Cette technique est primordiale pour les élevages en hors sol. En effet, l'orge étant majoritairement utilisée en matière d'engraissement des ovins, toute amélioration de son efficacité est primordiale.
Le même principe vaut pour l'utilisation de l'urée en mélange avec l'orge en grains. La recherche agronomique locale a montré qu'il est possible de donner aux ovins et bovins de l'urée à raison de 20 grammes pour 500 grammes d'orge concassée. L'urée est actuellement disponible dans un grand nombre d'exploitations puisqu'il s'agit en fait d'un engrais azoté produit par l'industrie locale. Mais, il n'y a jamais eu une campagne de vulgarisation sur les bienfaits de l'urée comme correctif azoté auprès des éleveurs ou des fabricants d'aliments du bétail.


HCDS, ENGAGER UNE DYNAMIQUE MANAGERIALE
Il ne faut pas se voiler la face, en matière de participation des agriculteurs et ruraux au développement agricole et rural nous ne savons pas faire en Algérie. Or, le développement agricole et rural ne peut se faire sans la participation des premiers concernés. En la matière, les choses ne sont pas aussi faciles que dans le domaine des innovations techniques.

Pour de réelles coopératives de services
De nombreux exemples étrangers ou des exemples locaux comme ceux de la Coopsel de Sétif montrent que des coopératives de services réellement prises en charge par leurs sociétaires sont capables d'un réel dynamisme. Comment susciter un tel essor sans que des intérêts particuliers ne dominent de telles structures ? Tel est l'enjeu actuel. Différents articles dans la revue « Alternatives Rurales » montrent qu'au Maghreb de véritables dynamiques existent localement. Aux décideurs patriotes locaux de savoir s'appuyer sur ces forces locales.

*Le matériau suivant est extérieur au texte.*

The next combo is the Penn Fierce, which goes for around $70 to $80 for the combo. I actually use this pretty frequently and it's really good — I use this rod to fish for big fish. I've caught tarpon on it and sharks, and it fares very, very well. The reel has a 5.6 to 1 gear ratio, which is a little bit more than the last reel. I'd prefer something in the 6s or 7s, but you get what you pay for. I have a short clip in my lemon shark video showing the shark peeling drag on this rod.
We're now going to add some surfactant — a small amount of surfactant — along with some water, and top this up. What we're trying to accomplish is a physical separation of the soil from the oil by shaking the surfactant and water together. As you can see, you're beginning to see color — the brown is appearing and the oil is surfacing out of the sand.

Tenir compte des élites rurales
Différentes analyses récentes, dont celle de Omar Bessaoud, montrent l'émergence d'élites rurales. Ce phénomène à différentes origines. Il est le résultat des politiques de formation, de chômage de diplômés qui recherchent à créer de l'emploi local, programmes de développement rural intégré, autorisation de création d'associations. Ce dynamisme transparait par exemple dans le développement de foires agricoles locales privilégiant des produits de terroirs.
A cela s'ajoute les financements publics pour des projets agricoles locaux et une nouvelle façon d'investir de l'argent de l'émigration. Souvent cet argent est allé dans des dépenses somptuaires, or de plus en plus certains émigrés investissent maintenant dans des projets économiques.

CONCLUSION
La recherche agronomique locale et une veille technologique montrent que certaines innovations techniques peuvent apporter un plus à l'activité agricole et au développement rural. C'est le cas par exemple avec l'utilisation de semoirs pour semis direct ou la fabrication de BMN. Connaissant l'effet du semis direct sur les rendements en zone semi-aride, on peut imaginer les augmentations possibles de la production fourragère steppique si la disponibilité en ce type d'engins était suffisante.

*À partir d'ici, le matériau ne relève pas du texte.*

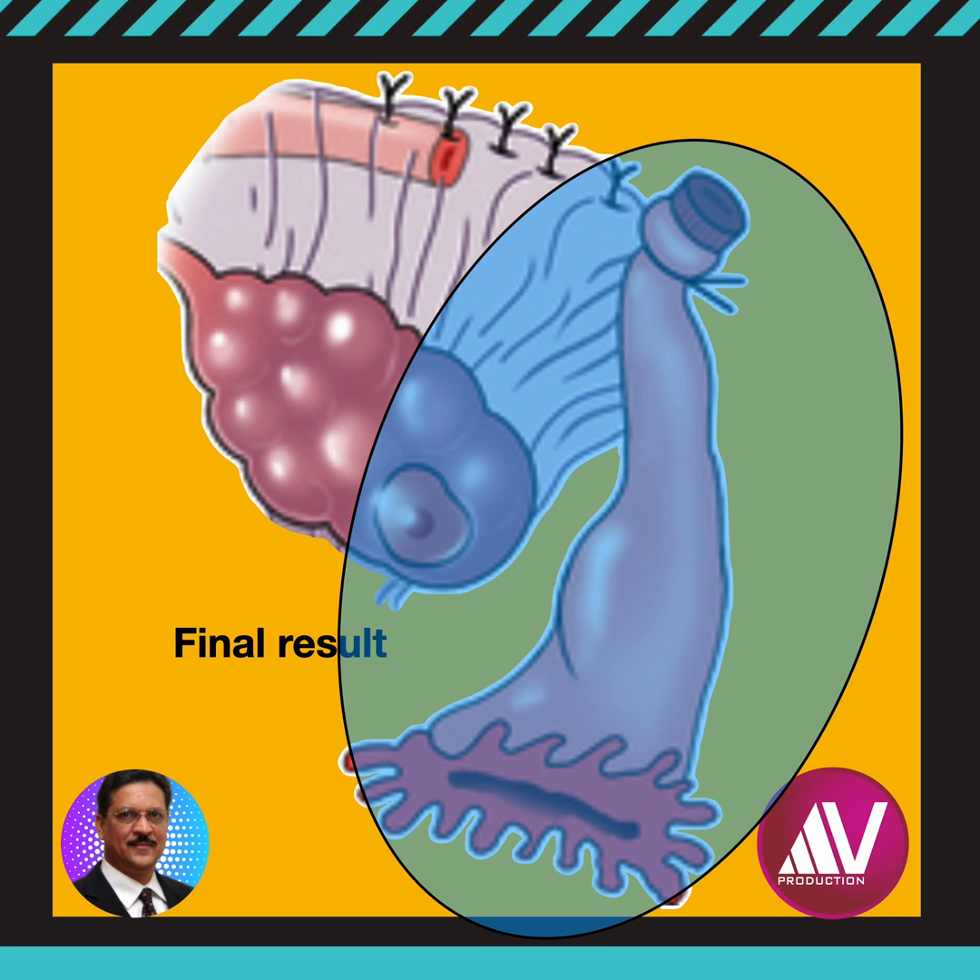The Uchida technique is more complex than other procedures. Nevertheless, the technique is associated with relatively few failures.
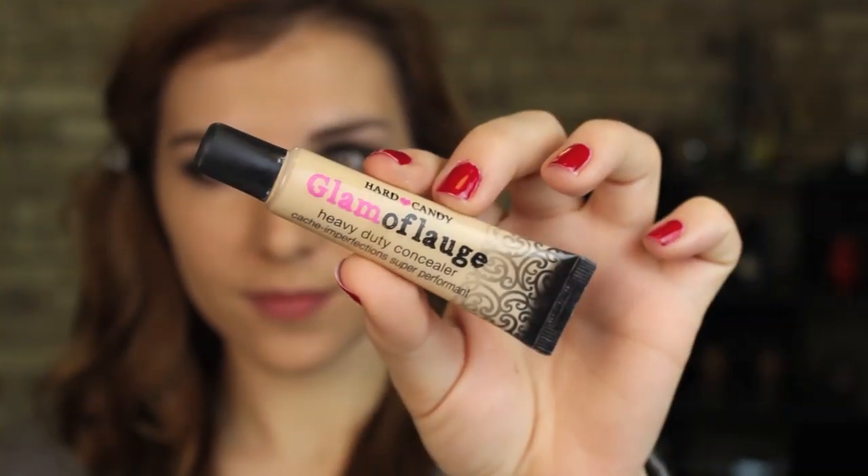I'm following my foundation with Hard Candy's Glamouflage Concealer, first placing it using my ring finger in the under eye area. Then I go in with a brush to blend it all out.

Actuellement dans la steppe, le HDCS est l'institiution qui dispose le plus d'expérience en matière de développement agricole et rural. En témoigne la constructions d'ouvrages pour l'épandage des crues, la mise en défens des parcours ou le développement de points d'eau. Il nous semble que cet organisme pourrait démultiplier son action en nouant des partenariats externes et en impulsant des initiatives privées et coopératives.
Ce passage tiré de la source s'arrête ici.